● Task goal
Using the listing below, set down exactly the lines from the one that contains "A very common" through the one that contains "The substitution of", with no pictures.

● Data for this task
_ _ _ _ _

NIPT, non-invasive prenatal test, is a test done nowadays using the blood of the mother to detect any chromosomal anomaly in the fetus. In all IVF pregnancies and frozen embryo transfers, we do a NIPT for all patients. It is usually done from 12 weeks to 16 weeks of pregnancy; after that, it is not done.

_ _ _ _ _

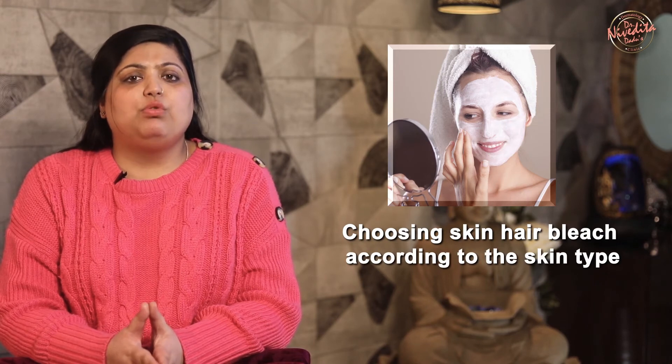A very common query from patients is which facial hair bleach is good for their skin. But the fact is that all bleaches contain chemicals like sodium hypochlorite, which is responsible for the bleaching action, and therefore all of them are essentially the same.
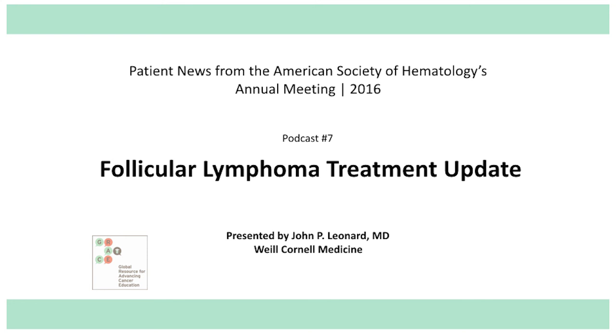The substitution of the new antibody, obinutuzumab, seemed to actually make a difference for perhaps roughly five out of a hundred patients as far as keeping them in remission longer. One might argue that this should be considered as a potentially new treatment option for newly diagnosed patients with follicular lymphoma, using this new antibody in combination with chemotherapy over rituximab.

_ _ _ _ _

● Completed exercise
A very common query from patients is which facial hair bleach is good for their skin. But the fact is that all bleaches contain chemicals like sodium hypochlorite, which is responsible for the bleaching action, and therefore all of them are essentially the same.
The substitution of the new antibody, obinutuzumab, seemed to actually make a difference for perhaps roughly five out of a hundred patients as far as keeping them in remission longer. One might argue that this should be considered as a potentially new treatment option for newly diagnosed patients with follicular lymphoma, using this new antibody in combination with chemotherapy over rituximab.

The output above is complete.